Performance controls are limited to the enormous X/Y joystick. This has two controls that govern the X and Y ranges but, unfortunately, its maximum range is about plus/minus two Volts, so it's not often that you can plumb the extremes of any parameters it controls. In addition, just to place the VCS3 firmly in '50s sci-fi territory, a voltmeter allows you to measure any control voltages (which are close to DC) or signal levels (which are AC) within your patches. You can even connect an oscilloscope to a dedicated quarter inch output on the rear. Wonderful!
On any synthesizer — whether vintage or modern — you expect a patch to sound the same, no matter how many times you return to it, but this is not the case with the VCS3. This is not due to its famous oscillator instabilities, but rather a consequence of the inconsistencies of the patch pins.

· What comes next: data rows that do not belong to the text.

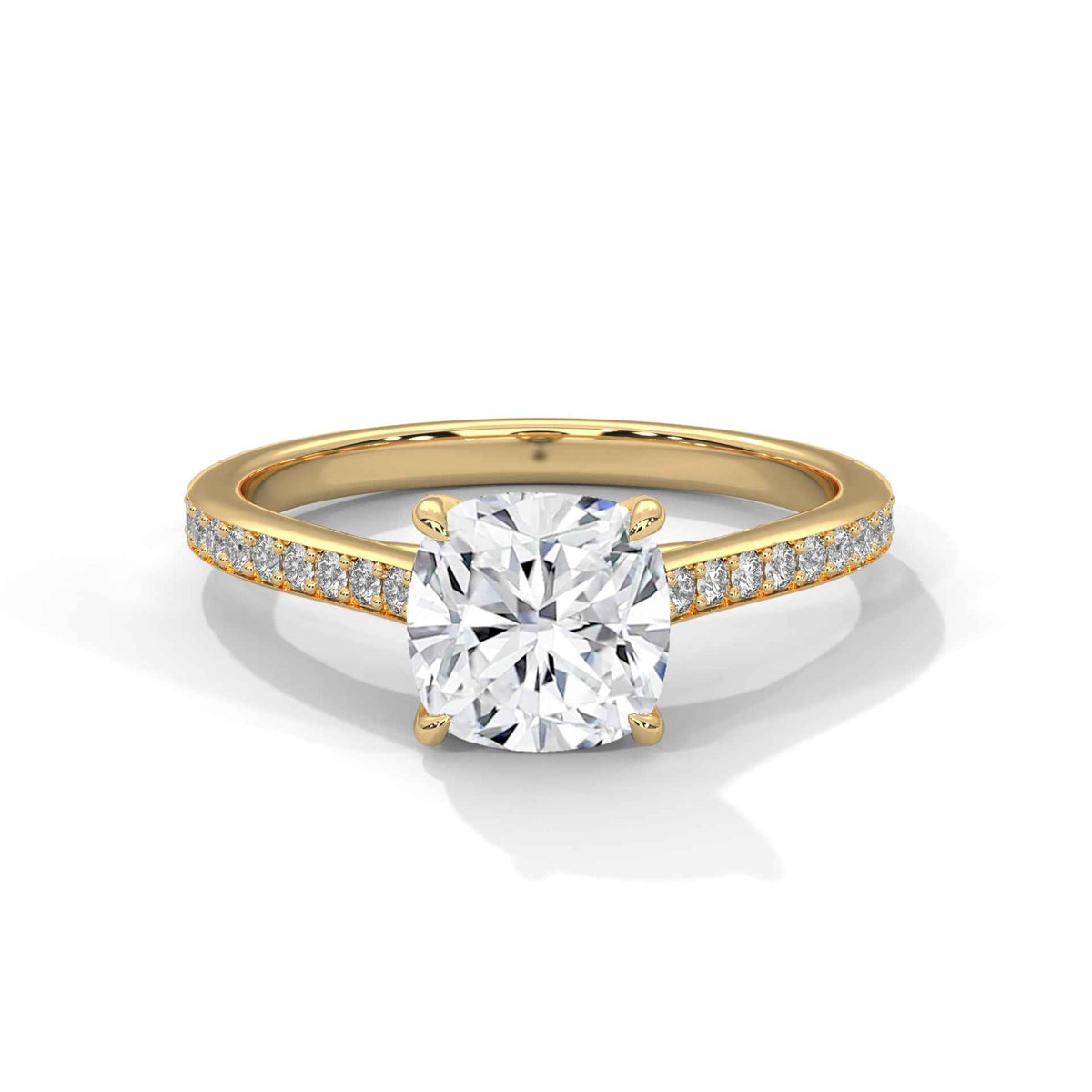 Cushion Cut Lab Grown Diamond Micro-Pavé Engagement Ring 2.24 CT
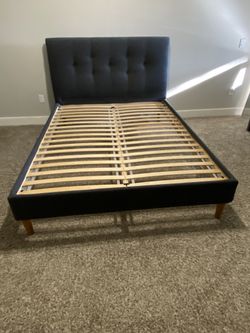 Queen Bed Frame Upholstered IKEA ,Like NEW In Excellent Condition.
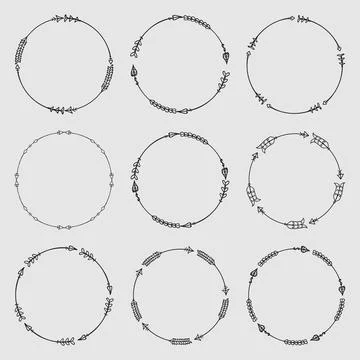 Circle arrow frames for monograms. Stock Illustration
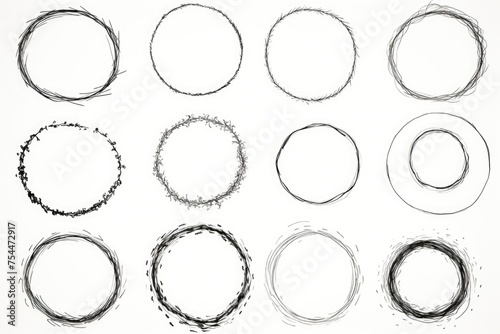A set of hand drawn circle brushes. Perfect for digital design projects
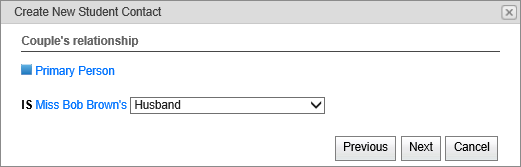 Create New Student Contact - Couple Relationship window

On a conventional modular synth, the impedances of the short patch cables are virtually zero, and are too small to affect the sound in any significant fashion. However, a white VCS3 pin may vary between 2,565Ω and 2,835Ω, and this is easily enough to change things. The most obvious way to demonstrate this is to change between two white pins in position I8 or J8... you may hear the keyboard tracking change significantly. Likewise, filter tracking, filter cutoff, audio signal levels between modules, other CVs between modules all change slightly when you replace one pin with another, ostensibly identical one.
To recreate a patch, therefore, you must not only record all the knob positions and the matrix patching map, but you must record which pin went in which position within the matrix. Fortunately, since you can now buy resistors with tolerances as good as 0.1 percent, you can alleviate this problem by replacing the resistors within all your existing pins. It's laborious work, but it pays in the end.

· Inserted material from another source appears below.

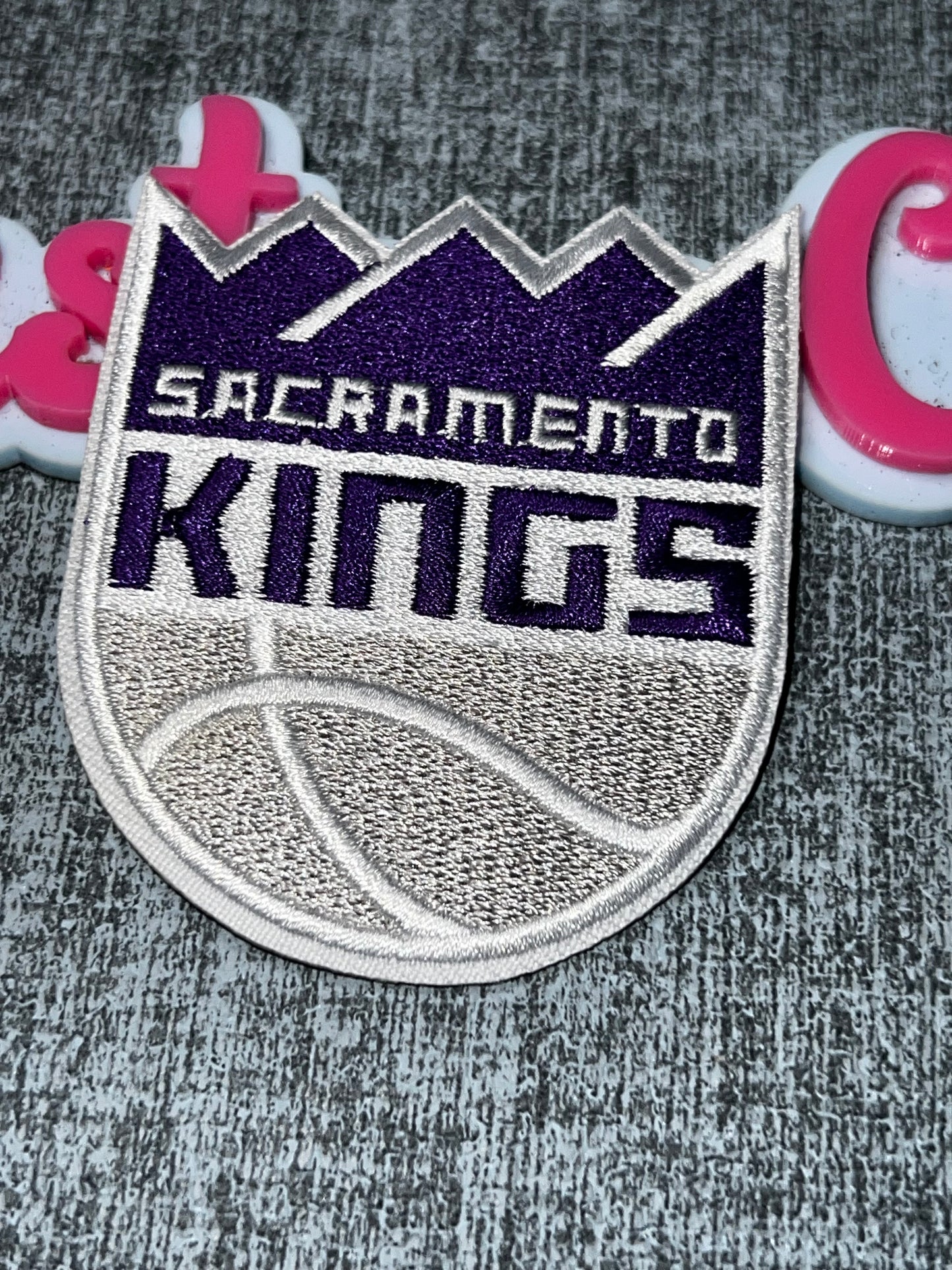 Purple Silver Crown Embroidered Iron-On Patch | Statement Appliqué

The separate DK1 keyboard — known as 'The Cricklewood', because that was where Cockerell worked — was as radical as the VCS3 it controlled. It was, of course, monophonic (there weren't any polyphonic synthesizers in 1969) but it was velocity sensitive, allowing players to add expression in a way that had previously been impossible.
The DK1 is connected to the VCS3 using a dedicated eight-way cable that provides two power rails, two CVs, and a Gate pulse for the envelope shaper. To the left of the keyboard, two switches control the two output CVs (called 'Channels') produced by the DK1. The first of these has 'Signal' and 'CV1' positions — CV1 was what we would now call the pitch CV. In contrast, switch two had a 'Dynamic Voltage' position and a 'CV2' position. The former of these produces a CV proportional to the velocity with which you hit a key, while the latter produces a pitch CV. But CV1, and therefore channel one, produce the same thing, so there's no point in having both switches set to 'CV'.

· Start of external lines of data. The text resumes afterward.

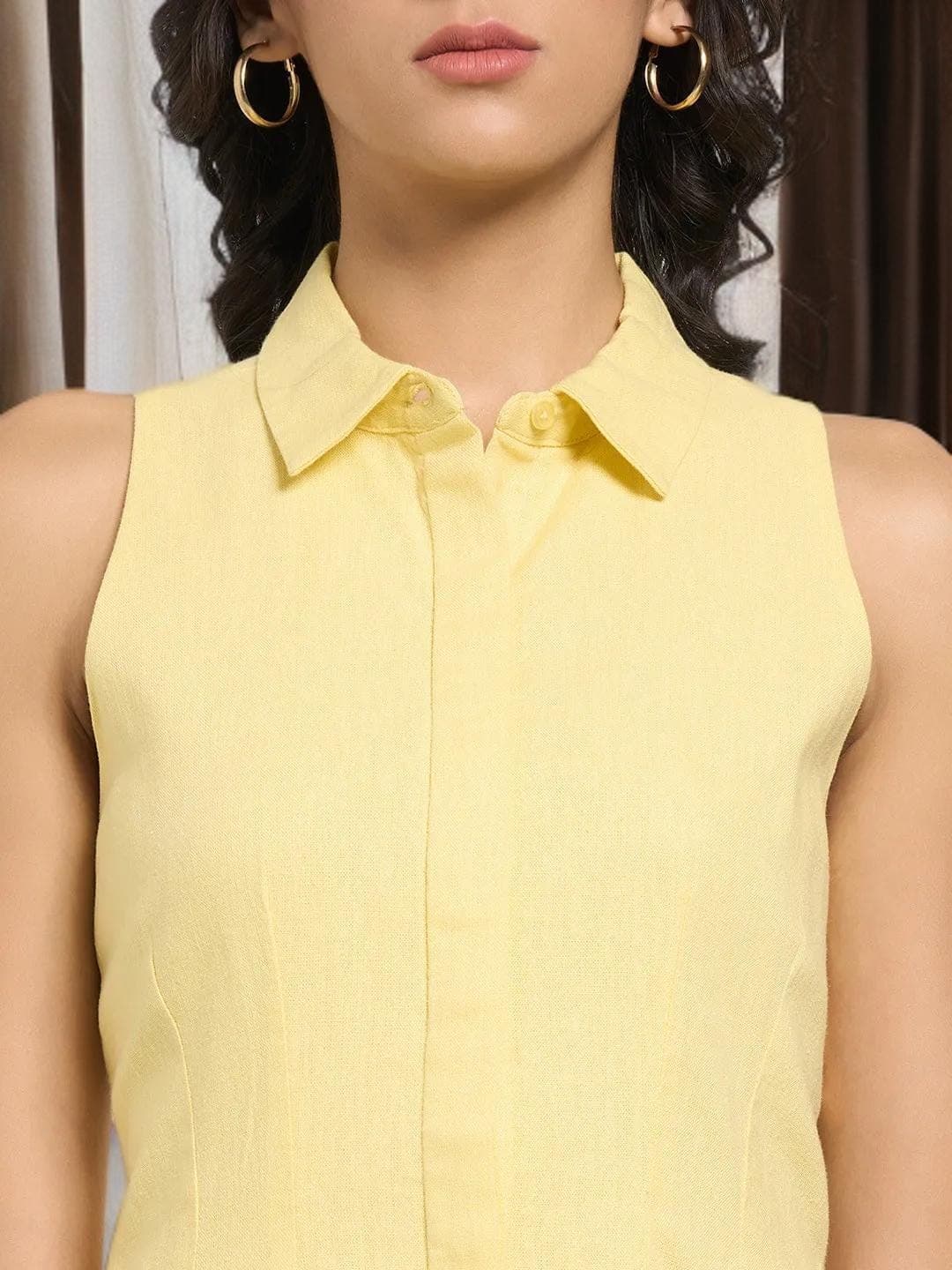 Yellow Midi Dress Linen Blend Formal Wear - image 5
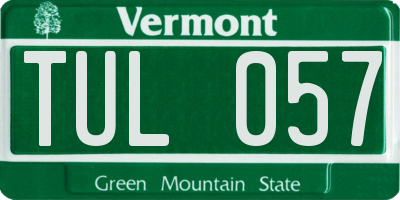 VT license plate TUL057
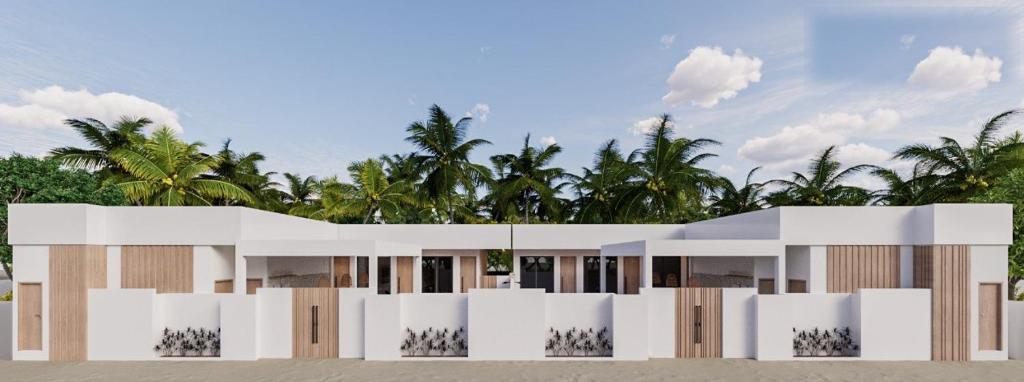 a rendering of a building with palm trees in the background at The Sultanate Fulhadhoo Baa Atoll in Fulhadhoo
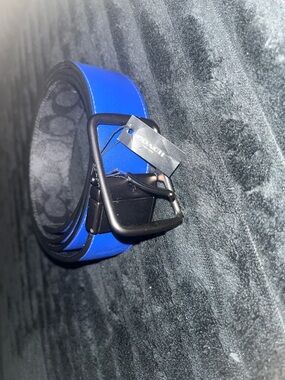 Coach Blue and Black Reversible Logo Belt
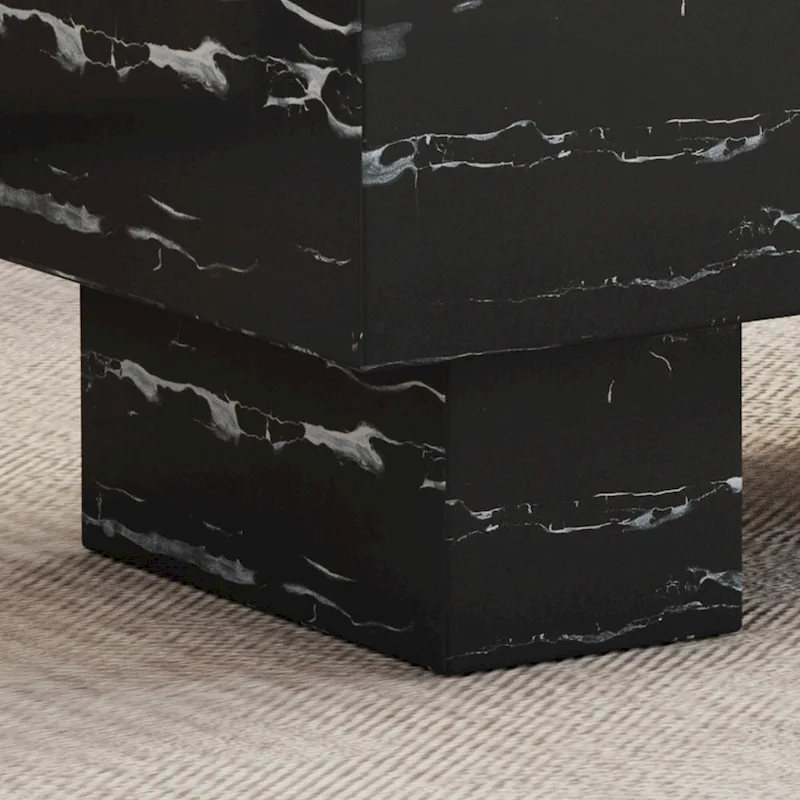 43.3 MDF Coffee Table with Black Marble Texture, 300lbs Capacity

Returning to the 'Signal' position... the DK1 has a built-in sawtooth oscillator and an associated VCA with frequency, 'spread', level and dynamic range controls. This is a godsend because, with the spread set to '10' the oscillator tracks the keyboard in a conventional 1:1 relationship. In other words, you can play the keyboard and, with everything else set up appropriately, you'll hear the notes that you would expect. This is not necessarily the case when you use the keyboard CV channels. The reason is because the keyboard CV channels enter the VCS3 through two input level controls marked, sensibly enough, Channel one and Channel two. The problem arises because 1:1 key tracking occurs somewhere between 'six' and 'seven' on the knobs, and the exact position can fluctuate wildly with the oscillators' temperature, the time of day, and the FTSE100 index. This makes it very tricky to use the VCS3's internal oscillators for correctly pitched melodies. Every time you play the thing, and even after an hour of 'warming up', you are constantly trimming the tuning and scaling the Channels, much as you might expect to do on a Minimoog once every few years.
Furthermore, the VCS3 doesn't conform to either the one Volt per octave or Hz/V standards used by every other manufacturer before and after. It uses internal voltages of 0.32V/octave for oscillators one and two, 0.26V/octave for oscillator three, and 0.20 V/octave for the self-oscillating filter. However, because there are CV amplifiers on the internal module inputs, you need to double these figures to 0.64V/octave, 0.52V/octave and 0.40V/octave respectively for external CV sources!
Likewise, the usual 10V peak-to-peak signal levels are eschewed in favour of three Volts, four Volts and six Volts for the oscillators (depending upon waveform) five Volts for the filter, three Volts for the noise generator... and so on. There was nothing conventional about the VCS3.
Tristram Ogilvie Cary OAM, MA (Oxon), LMus TCL, HonRCM, I Eng (to give him his full title) was born in Oxford in 1925. His education was as posh as it gets, with scholarships galore, but the latter part of the Second World War interrupted this, and he spent four years in the Navy as a specialist working on the RADAR technology developed a few years earlier. It was here that he received his training in electronics, and developed his first ideas regarding electronic music recording.
He studied piano, horn, viola and conducting, and spent a number of years teaching music, working in a gramophone shop, and developing the ideas for his first electronic music studio. From 1954 onwards, he became known as a composer, gave up his other jobs, and began living off his commissions for theatre, radio, film, and television.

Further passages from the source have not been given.